The problem: Build a booking and reservation service that manages resources (rooms, equipment, vehicles — pick a domain) across multiple tenant organisations. The service should handle reservation requests with time-slot validation, prevent double-booking under concurrent load, enforce per-tenant access control, and expose a secure REST API for creating bookings, querying availability, and generating utilisation reports.

What this adds beyond Assignment 4:

  • Domain complexity — time-slot arithmetic, availability windows, conflict detection, cancellation and rebooking logic
  • Concurrent writes — multiple users booking the same resource simultaneously; optimistic vs pessimistic locking
  • Multi-tenancy — tenant isolation at the data layer, per-tenant configuration, shared infrastructure
  • Reporting layer — aggregation queries, pagination, sorting, filtering at scale (e.g., utilisation rates, peak hours)
  • Audit trail — immutable booking history vs mutable resource state

Rules: Build from scratch. No AI-generated code. Test against a real PostgreSQL database. Your commit history should tell the story of incremental progress. Be prepared to explain your concurrency strategy and what breaks under simultaneous booking load.

Reasoning Review Prompts

For L&D coordinators and mentors: use these in 1-on-1s to probe for genuine understanding beyond completion state. Do not accept "yes I know it" — ask the learner to explain, give an example, or identify where the concept breaks down.

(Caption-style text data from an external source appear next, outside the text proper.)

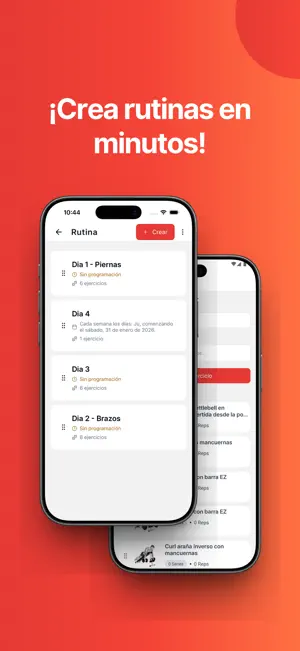 MiTrainer screenshot 2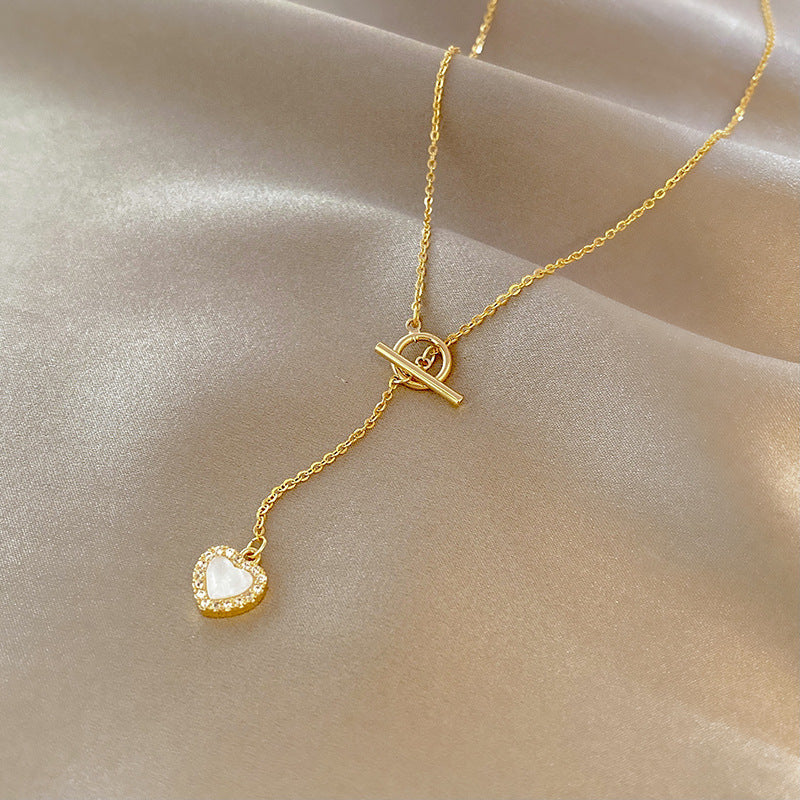 Love Titanium Steel Necklace - Image 7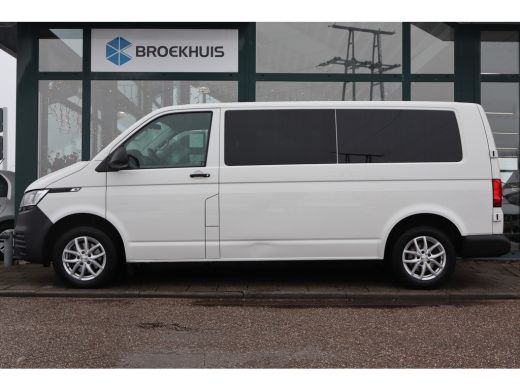 Volkswagen Transporter 150PK 2.0 TDI L2H1 30 | Bestuurdersstoel verwarmd | Interieur voorverwarmingsinstallatie | Trekhaak ActivLease financial lease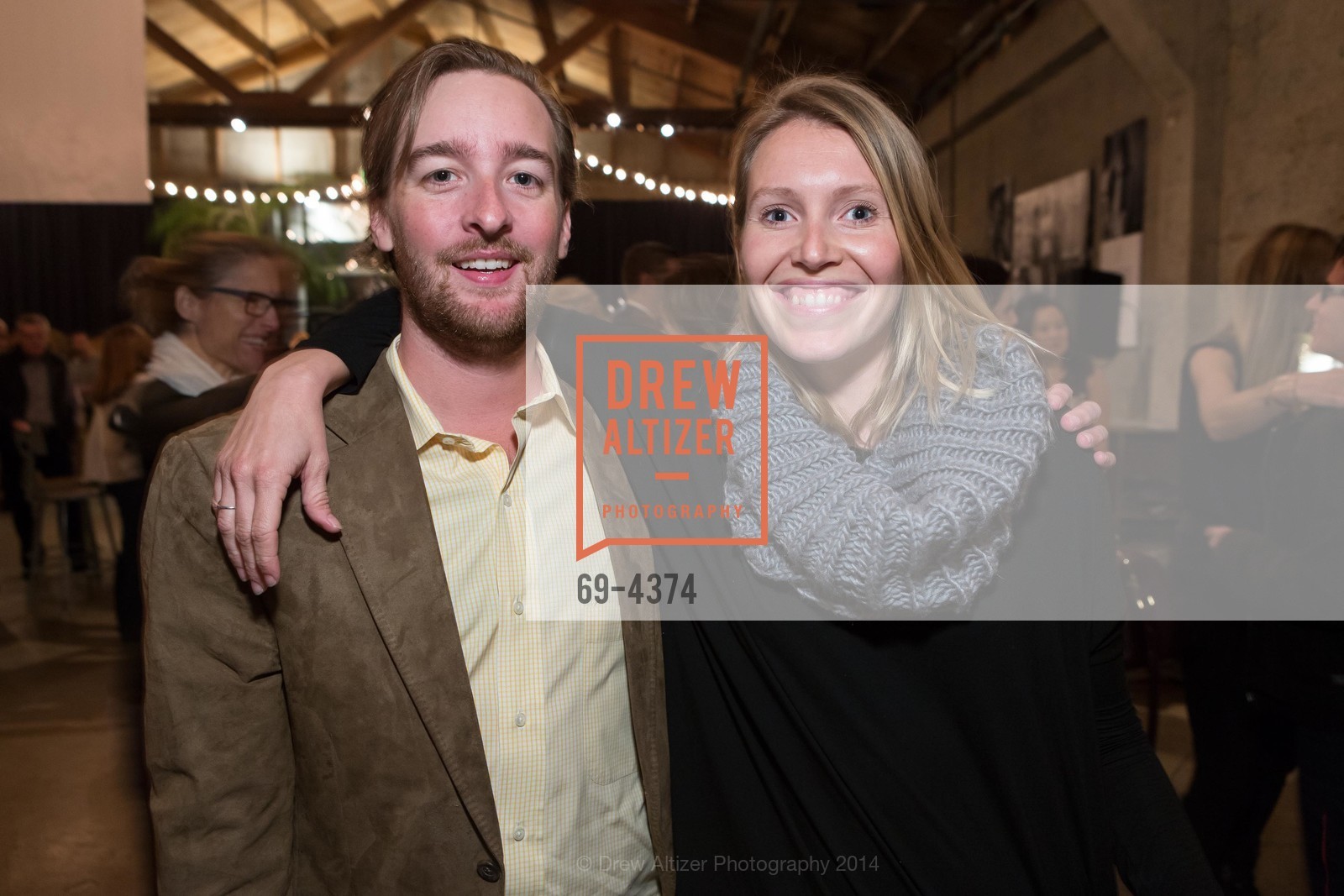 Webb Barr, Emily Beeson, ROAD TWENTY-TWO Launch Party, US, November 2nd, 2014, Photo #69-4374 Webb Barr, Emily Beeson, Photo #69-4374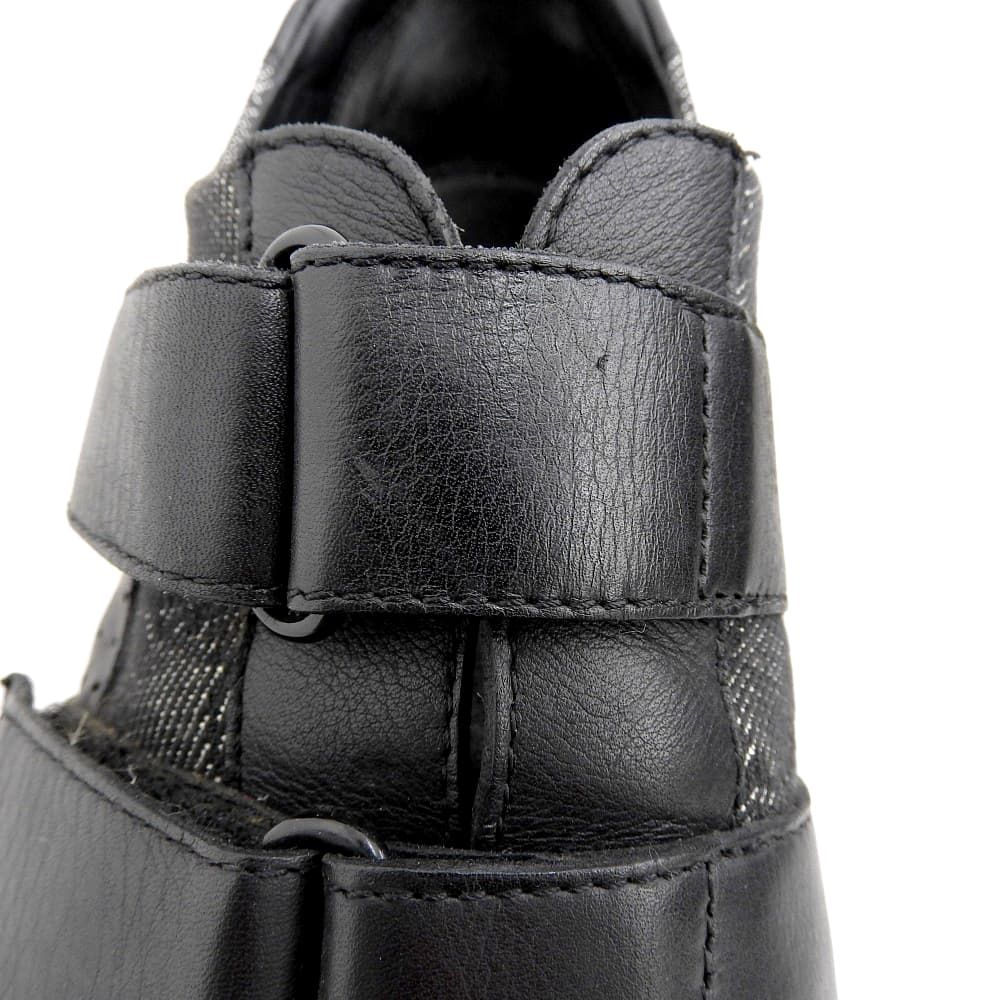 GUCCI グッチ トムフォード期 GGキャンバス×レザー ストレートチップ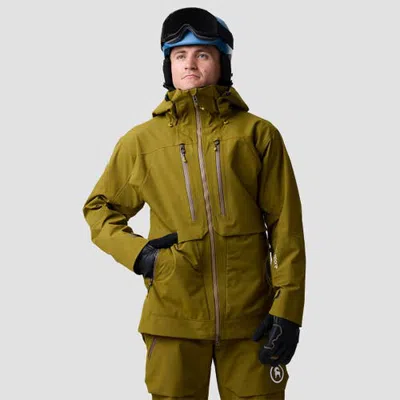 Backcountry Bga Cottonwoods Xpore 3l Jacket In Green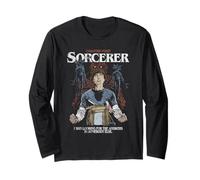 Stranger Things Will The Sorcerer Maglia a Manica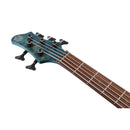 Basse électrique 5 cordes Ibanez BTB945COL (Bleu cosmique mat)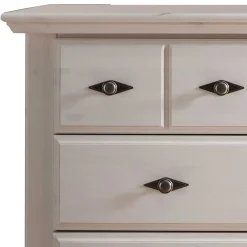 Wohnen Flurkommoden*114x94x47 Hohe Kommode im Landhausstil - Beato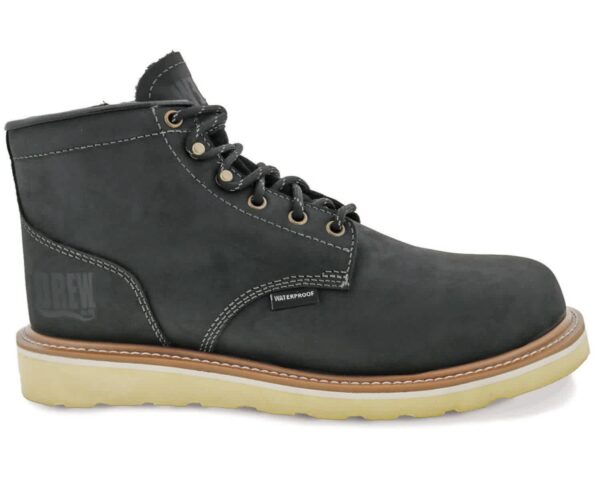 DREW BURBANK BLACK LEATHER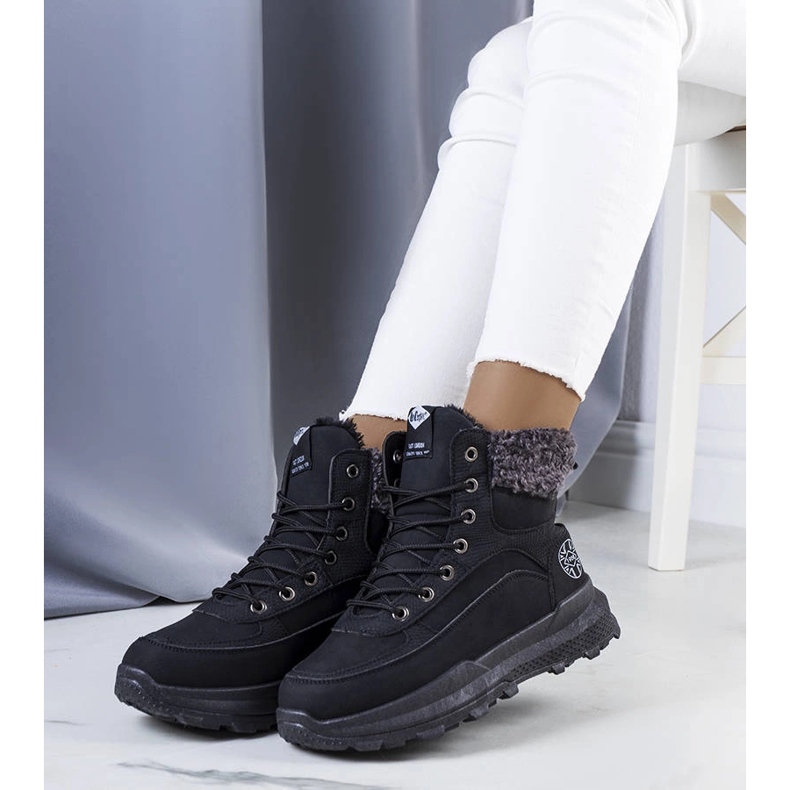 Botas isoladas pretas LCJ-22-44-1362L Lee Cooper preto 1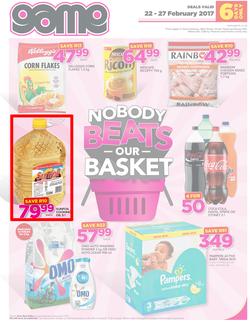Game : Durban Food Fresh (22 Feb - 27 Feb 2017), page 1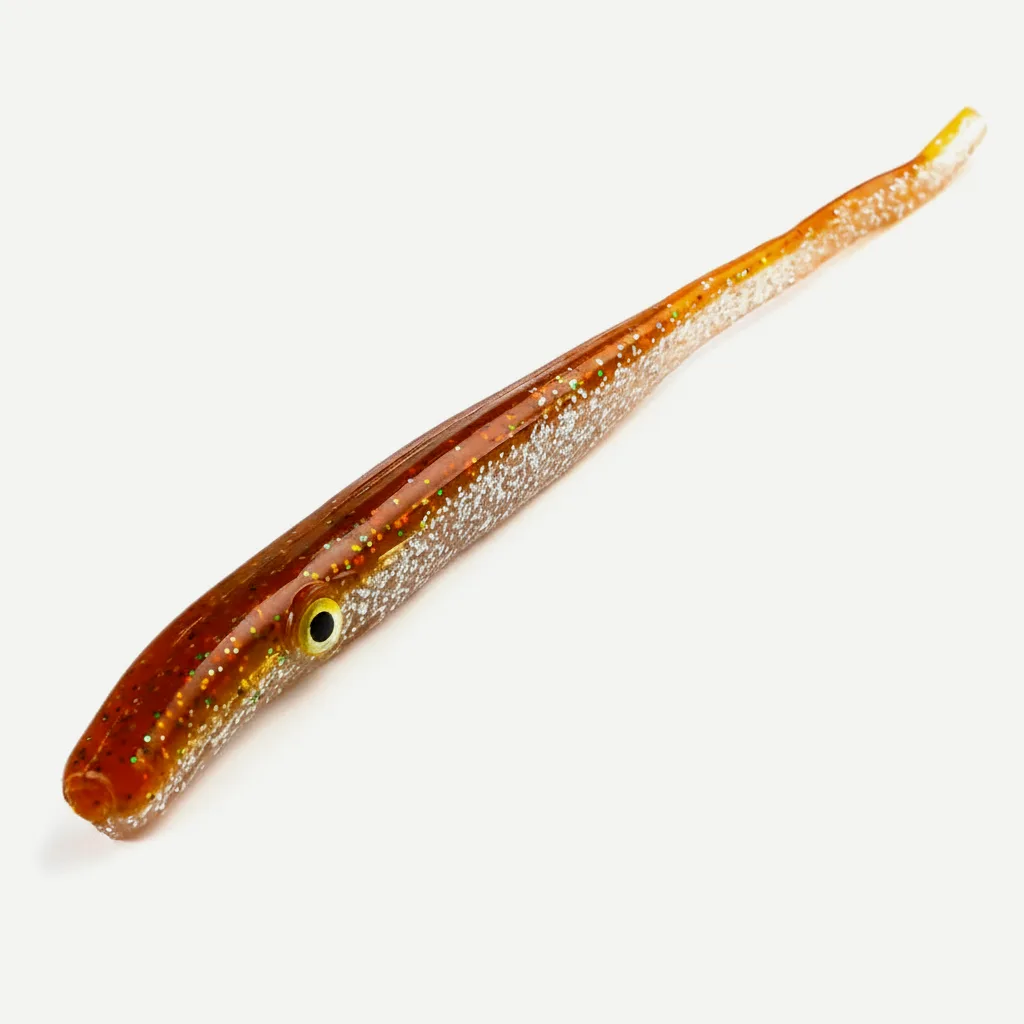 BEARKING Crazy Slug Soft Needlefish Lure for Bass
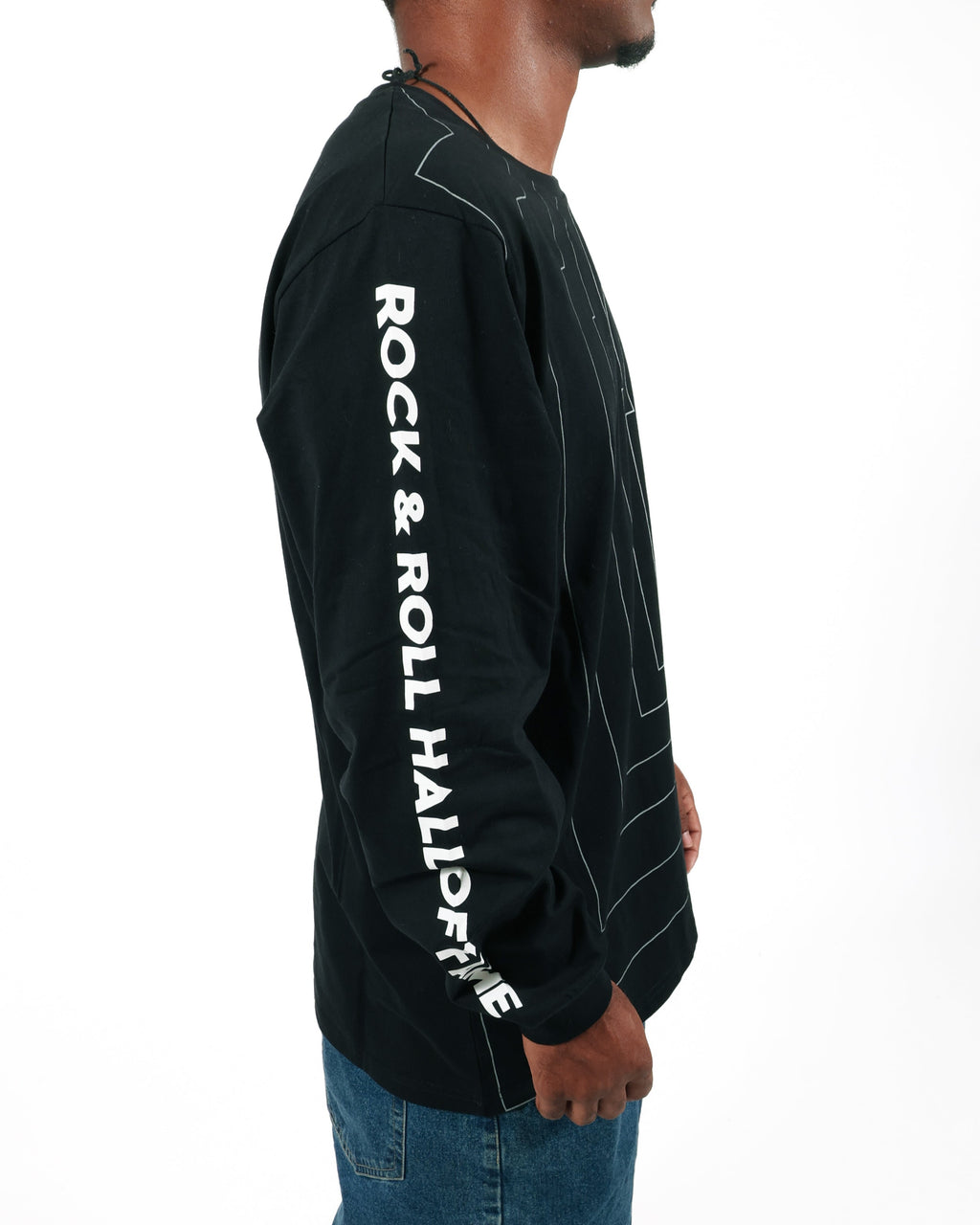 ROCK HALL TROPHY AURA BLEED LONG SLEEVE T-SHIRT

After Assignment 1: TaskManager CLI

  • Java's GC manages heap memory — but what does try-with-resources handle, and why isn't GC enough for those cases? Give a concrete example from your TaskManager. How does this compare to resource management in your previous language?
  • Explain type erasure in Java generics. Why can't you write new T() in a generic method? How does this compare to generics or templates in your previous language? What does erasure mean for runtime type inspection with instanceof?
  • What is the difference between a checked and an unchecked exception? Walk through a decision you made in your TaskManager: why did you choose the exception type you chose?

After Assignment 2: REST API Service

  • Describe what happens from the moment an HTTP request hits your Spring Boot application to the moment a response is returned. Name every layer it passes through, starting from the servlet container.
  • What is the IoC container, and what problem does it solve over manually constructing and wiring objects? Why is constructor injection preferred over field injection with @Autowired?
  • Why does the Controller → Service → Repository layering matter? Give a concrete change that would only require modifying one layer if the boundaries are respected, and explain what would break if they were not.

After Assignment 3: Persistent REST Service

  • Reproduce the N+1 problem in words: what sequence of SQL queries does Hibernate generate when you fetch a list of tasks with a lazily-loaded category? How did you fix it, and what trade-offs does your fix introduce?
  • What is the JPA persistence context? What is the difference between a managed entity and a detached entity, and what happens when you call save() on each?
  • Why should you not return JPA entities directly from your REST API? Name two concrete risks, and describe what you used instead.

After Assignment 4: Hardened Service

  • Describe the JWT authentication flow in your service end-to-end: from login request to a protected endpoint being accessed. What validates the token, and at what point in the request lifecycle?
  • Coming from distributed systems: what breaks with session-based authentication under horizontal scaling that JWT avoids? What new problem does JWT introduce in exchange?
  • What does Spring Boot Actuator expose by default, and what would you lock down before going to production? Why?